We have observed significant gains in going from large to xlarge instance sizes - primarily in parallelized load. For servers with many users, increasing the instance size is recommended. Do not attempt to use smaller instance types e.g. c5.large with 4GB memory.

task t3.large t3.xlarge
Write CSV, 100MB over 1000 files 23.364000 25.19867
Read CSV, 100MB over 1000 files 7.306667 8.63100

task parallelism t3.large t3.xlarge
DD read, 1GB 2 5.300000 5.153333
DD read, 1GB 4 8.446000 7.598333
DD read, 1GB 8 15.882000 15.978333
DD read, 1GB 16 32.297667 32.665667
DD read, 10MB over 1000 files 2 5.335667 6.285000
DD read, 10MB over 1000 files 4 5.897333 5.806333
DD read, 10MB over 1000 files 8 9.516000 6.873000
DD read, 10MB over 1000 files 16 18.621667 11.671333

read_ahead_kb vs. default

Linux kernels (5.4.*) use a read_ahead_kb of 128, however the AWS docs recommend 15000. The efs-utils package will set this correctly, but for customers who wish to use only standard NFS utilities will need to do this manually.

task Without efs-utils With efs-utils
Write CSV, 100MB over 1000 files 20.89300 23.364000
Read CSV, 100MB over 1000 files 7.46175 7.306667

task parallelism Without efs-utils With efs-utils
DD write, 1GB 2 5.95375 5.881333
DD write, 1GB 4 13.58900 18.950000
DD write, 1GB 8 25.71275 27.258000
DD write, 1GB 16 46.19775 50.150667
DD write, 10MB over 1000 files 2 12.41725 12.789000
DD write, 10MB over 1000 files 4 32.88250 40.746667
DD write, 10MB over 1000 files 8 65.42150 71.439000
DD write, 10MB over 1000 files 16 134.31875 146.629667

Mounting considerations

We strongly recommend using efs-utils to mount the EFS filesystem.
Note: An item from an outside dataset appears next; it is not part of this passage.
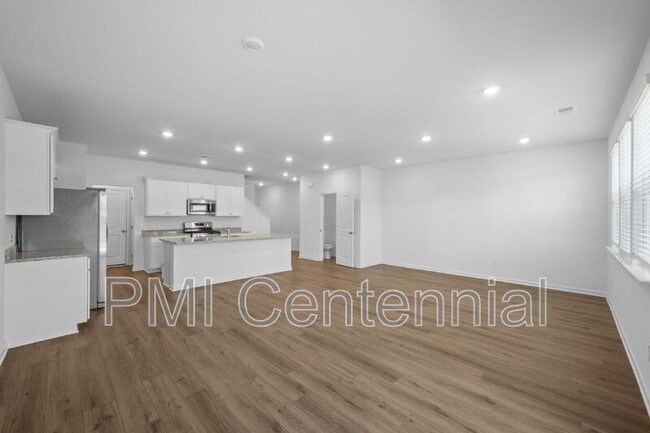 Building Photo - 2581 Adventure Wy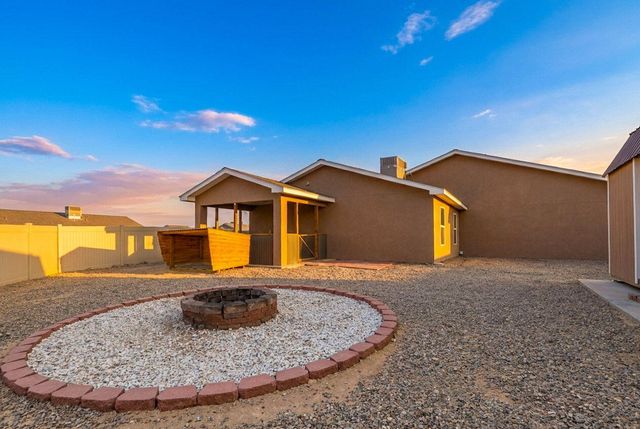1368 Bluejay Circle, Farmington, NM 87401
If this is not feasible, standard NFS client connections are possible, but there are mounting instructions and additional considerations to take into account.

Multiple Users

When using an EFS filesystem for many users, we recommend splitting up the data between users as much as possible. For example, writing large files will block metadata operations in that directory until the write operation is complete. Try to keep the users isolated to separate directories whenever possible.
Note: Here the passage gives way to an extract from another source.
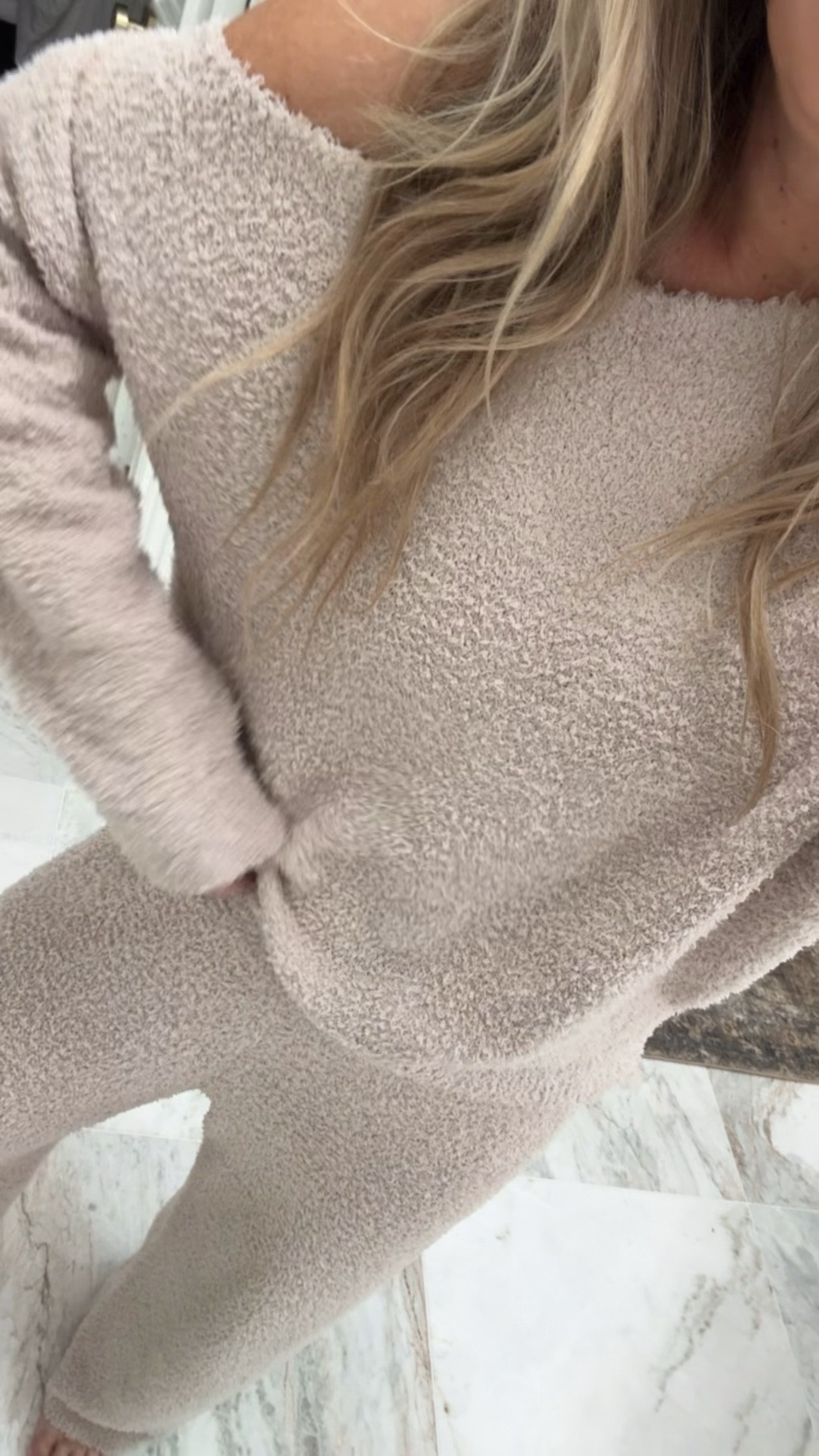 Gift guide. Cyber Monday. Black Friday. Barefoot dreams looks for less. Thanksgiving. Fall boots. Ugg SAVE VS SPLURGE. Looks for less. Daily deal. Black Friday. Gift guide for her. Gift guide for teens. Ugg tazz. Gift guide 2025. Ugg clog. Thanksgiving outfit. Lululemon sale. Gift guide for her.Fits TTS, wear 8. Leggings.
Fall family photos outfits. Holiday pajamas. Christmas pajamas. Christmas pjs. Gift guide for kids. Gift guide for her. Gift guide for the family. Black Friday. Early Black Friday. Cyber week 




#LTKCyberWeek #LTKGiftGuide #LTKgrwm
Special Considerations and Product Limitations

Operations which consume many small files will not perform well in most EFS settings.

We recommend pre-installing R packages so that users do not have to repeatedly install them.

Prefer reading large files over splitting data between many small files.

Project sharing using RSW (in its current state) will not work due to NFS ACLs not being supported by EFS.

For RSW, the default lock type of link-based won’t work, the advisory type must be used instead.

Monitoring usage

Please read about available CloudWatch metrics and creating customized metrics using metric math for EFS.

If using Bursting mode, be sure to monitor the BurstCreditBalancemetric. If this begins to decrease substantially over time, it will be time to consider adding data to bump the filesystem size into a larger tierwith more burst credits, or moving to Provisioned Throughput to establish a consistent baseline.

If using Bursting mode, using metric math, you can compare MeteredIOBytes to PermittedThroughput to know if you are using all of your available throughput. If this is the case, it might be an indication that you should move to Provisioned Throughput.

If using Provisioned Throughput PermittedThroughput can be used to determine whether or not your storage volume has bumped you above your designated throughput setting.